◆ **Task goal**
Could you copy, word for word, only the lines from the one containing "Kenworth T660 Седельные тягачи" through the last line of the records below, both included?

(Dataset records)
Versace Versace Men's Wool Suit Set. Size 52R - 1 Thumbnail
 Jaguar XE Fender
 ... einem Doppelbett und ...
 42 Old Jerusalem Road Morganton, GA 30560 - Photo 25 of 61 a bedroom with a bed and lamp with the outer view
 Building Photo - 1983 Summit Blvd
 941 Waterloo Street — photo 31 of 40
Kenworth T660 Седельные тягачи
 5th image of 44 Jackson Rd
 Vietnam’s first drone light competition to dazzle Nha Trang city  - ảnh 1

◆ **Expected answer**
Kenworth T660 Седельные тягачи
 5th image of 44 Jackson Rd
 Vietnam’s first drone light competition to dazzle Nha Trang city  - ảnh 1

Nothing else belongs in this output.